Trying that on the above example, we see that the upper-left entry $a$, being the entry with maximum magnitude, is already the optimal pivot, so no row or column permutation is done initially. So gaussian elimination proceeds to zero out the lower-left entry by subtracting $c/a=(10^9-1)/10^9$ times the first row from the second row, yielding: \begin{align} & \begin{vmatrix} 10^9 & 10^9-1 \\ 0 & (10^9-2) - (10^9-1)\times(10^9-1)/10^9 \end{vmatrix} \\ &= \begin{vmatrix} 10^9 & 10^9-1 \\ 0 & (10^9-2) - (10^9 - 2 + 10^{-9}) \end{vmatrix} \\ &= \begin{vmatrix} 10^9 & 10^9-1 \\ 0 & (10^9-2) - (10^9-2) \end{vmatrix} \quad \text{(the $10^{-9}$ is lost in rounding)} \\ &= \begin{vmatrix} 10^9 & 10^9-1 \\ 0 & 0 \end{vmatrix} \\ &= 0. \end{align}
So gaussian elimination, too, has failed on this example.
This example can be solved in double precision, via the following ad-hoc sequence of determinant-preserving row and column operations. Start with the original matrix: $$ \begin{pmatrix} 10^9 & 10^9-1 \\ 10^9-1 & 10^9-2 \end{pmatrix} $$ Subtract the first row from the second: $$ \begin{pmatrix} 10^9 & 10^9-1 \\ -1 & -1 \end{pmatrix} $$ Subtract the second column from the first: $$ \begin{pmatrix} 1 & 10^9-1 \\ 0 & -1 \end{pmatrix} $$ Then the determinant can be read off as $(1\times-1) - (10^9-1)\times0 = -1$, which is the correct answer.

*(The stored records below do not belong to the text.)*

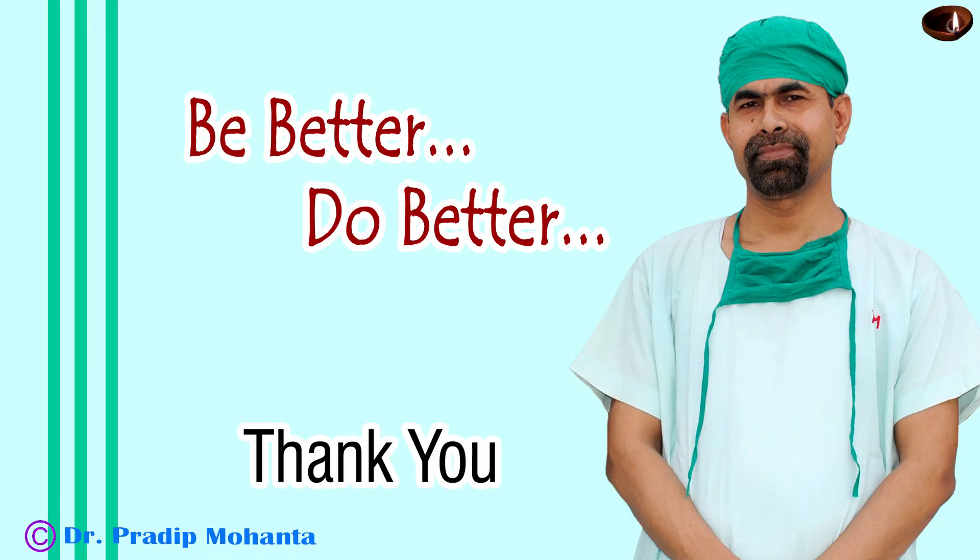Thank you very much for your attention. Please improve your skills every day — be better every day — and do a very good surgery for your patients. Be a great surgeon and serve your patients with empathy, love, compassion, and respect, and create surgical competence.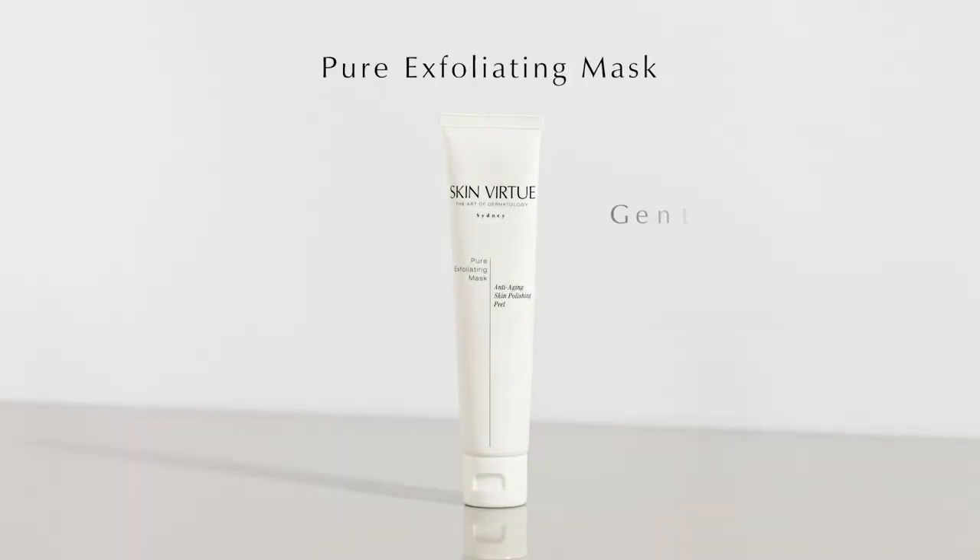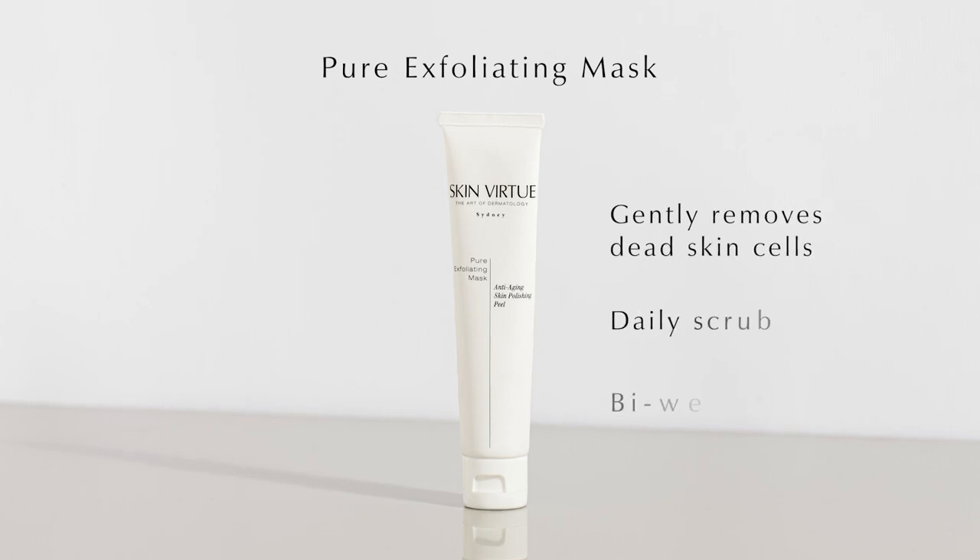Suitable for all skin types to gently remove dead surface skin cells. Use daily as a scrub and bi-weekly as a mask.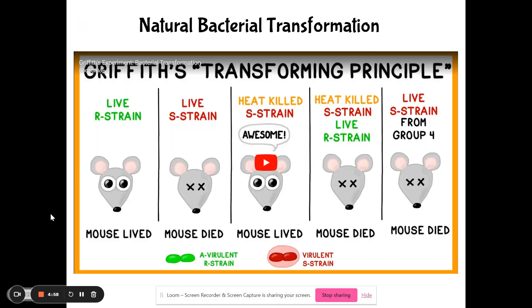Bacterial transformation has been around for a long time — the discovery of it, that is. We're going to watch a video about Frederick Griffith, known as the pneumonia man. He was a physician trying to find a vaccine for pneumonia. What he found was not a vaccine, but he discovered bacterial transformation. So I'll meet you on the other side of the Frederick Griffith video and a bunch of dead mice.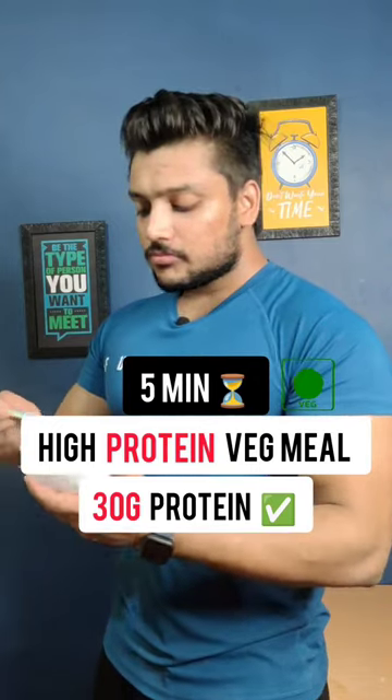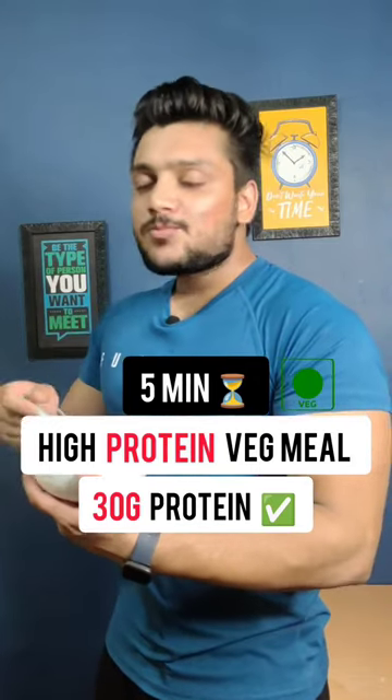This belt is so solid! High-protein vegetarian meal — now, not only to make this meal, but at the same time, it will help you fill your protein.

Is there a general robust method?
Depending on the problem you’re dealing with, it might be useful to notice that $ad - bc = (a-b)d-b(c-d)$. For the example you provide, it pretty much solves the issue. Just note that it will only make things better if you can expect $|(a-b)d|$ and $|b(c-d)|$ to be much smaller than $|ad|$ and $|bc|$.